08/04/2018 14:07
LA REPUBBLICA (F. BOCCA) - Dice Giovanni Pablo Simeone, protagonista della vittoria della Fiorentina con un gol che ha messo ancora ko la Roma all’Olimpico, che «questo è un gruppo unito, dove ognuno corre per l’altro. Con quello che è successo abbiamo voglia di stare tutti insieme anche dopo l’allenamento. E io ne sono molto orgoglioso». C’è sicuramente qualcosa di straordinario in questa storia della Fiorentina, che lotta e vince per il capitano che non c’è più. La tragedia di Davide Astori ha dato ai compagni una forza eccezionale, la Fiorentina gioca col fuoco dentro, vince, non si ferma più. Siamo ormai a sei vittorie consecutive (Chievo, Benevento, Torino, Crotone, Udinese, Roma), incassando un solo gol, dettaglio che parla di compattezza. I viola non facevano un filotto così dalla stagione 1963- 64, squadra mica male: Albertosi in porta, Lojacono, Maschio e Hamrin. È come se la tragedia avesse risvegliato un orgoglio antico. Pioli stesso asserisce che qualcosa è cambiato da quel 4 marzo: «Davide era il primo a credere in questa squadra, nel nuovo, nei giovani. Non abbiamo fatto una grande partita dal punto di vista tecnico, ma sentiamo questo impegno che abbiamo preso». La partita è stata molto lineare nella sua logica. La Roma era spremuta dalla partita di Barcellona, persa dignitosamente ma sempre con quattro gol subiti. Girato l’interruttore, la squadra si è spenta ed è tornata al venefico torpore che spesso l’assale e che rischia addirittura di compromettere il posto in Champions, se non riuscirà a fermare Inter e Lazio.
Di Francesco ha cambiato 5 giocatori rispetto al Camp Nou (Juan Jesus per Kolarov, Gonalons per De Rossi, Nainggolan per Pellegrini, Defrel per Florenzi, El Shaarawy per Perotti), ma il risultato non c’è stato. La Roma ha prodotto un gioco poco più che teorico. La Fiorentina al contrario è stata cinica, difensiva e contropiedista. Ha colpito freddamente le sbandate della Roma, prima con Benassi servito da un Saponara perfettamente libero sulla fascia di Peres e addirittura rincorso da Dzeko, e poi con Giovanni Simeone che, in assenza di Chiesa, sosteneva quasi tutta la responsabilità dell’attacco. Emblematico, visto dalla parte della Roma, il suo gol. Appena entra in area Manolas gli dà una spallata per sbilanciarlo, e Peres sull’altro fianco lo sostiene e lo rimette in carreggiata, permettendogli di far gol.
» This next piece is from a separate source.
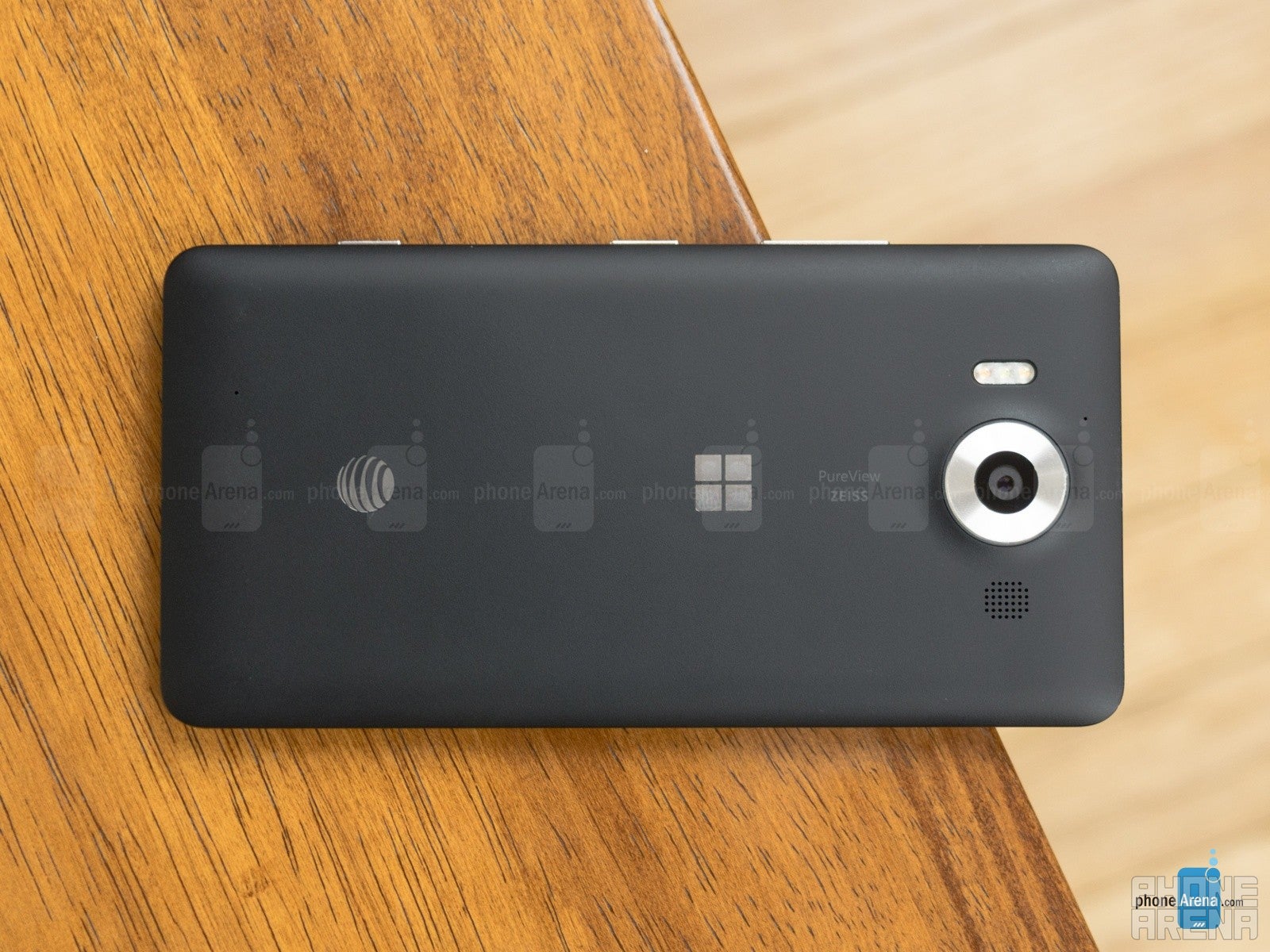 Microsoft Lumia 950 Review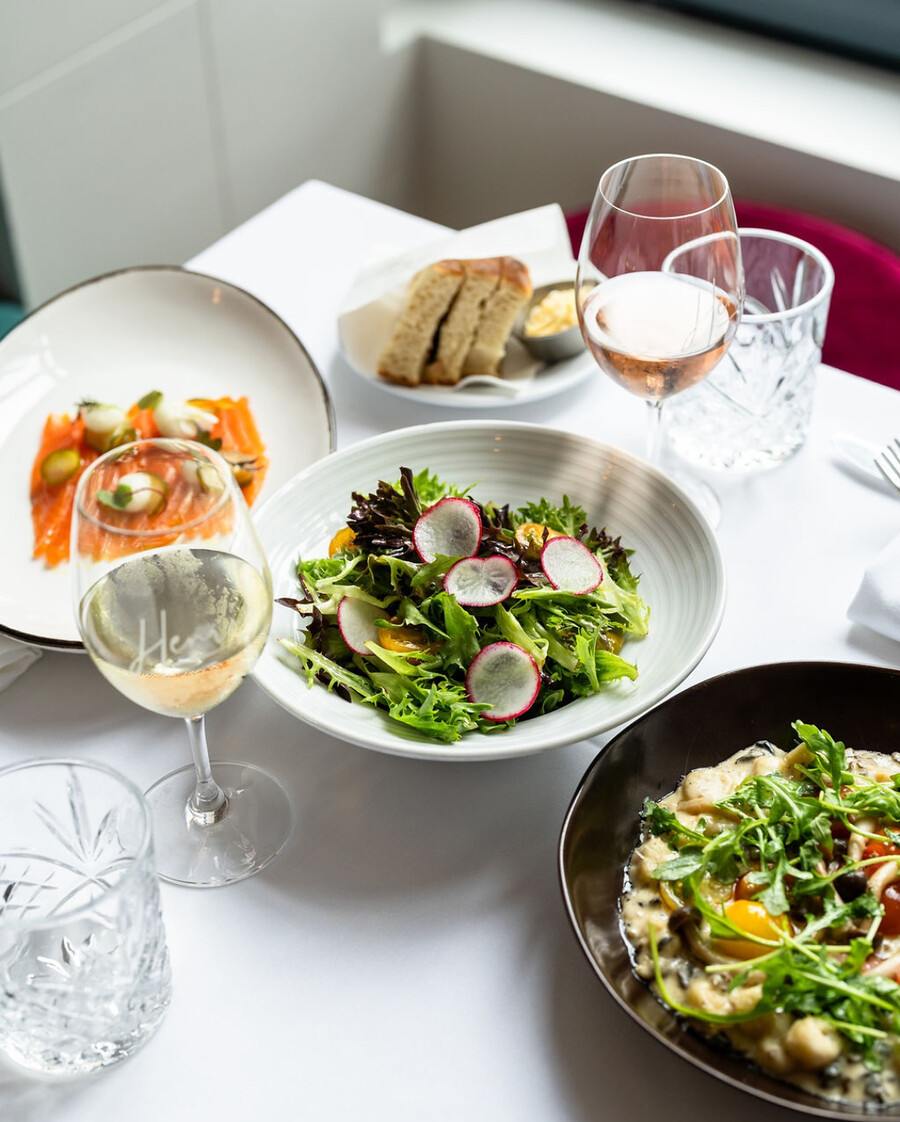 Henri Brasserie Française + Lounge - Business lunch spots that'll get you a promotion Henri Brasserie Française + Lounge - Business lunch spots that'll get you a promotion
L’inserimento di Schick non è valso molto più di una traversa e alla fine la Roma si è ritrovata a registrare la sesta sconfitta in casa: l’Olimpico è ormai un handicap. Di Francesco, che non l’ha presa benissimo, ha affermato nel più classico degli alibi che «non bisogna guardare solo al risultato ma alle tante occasioni prodotte». Già, ma alla fine si è comprensibilmente sfogato: «Sono incazzato, mi girano, ma come si fa eh?».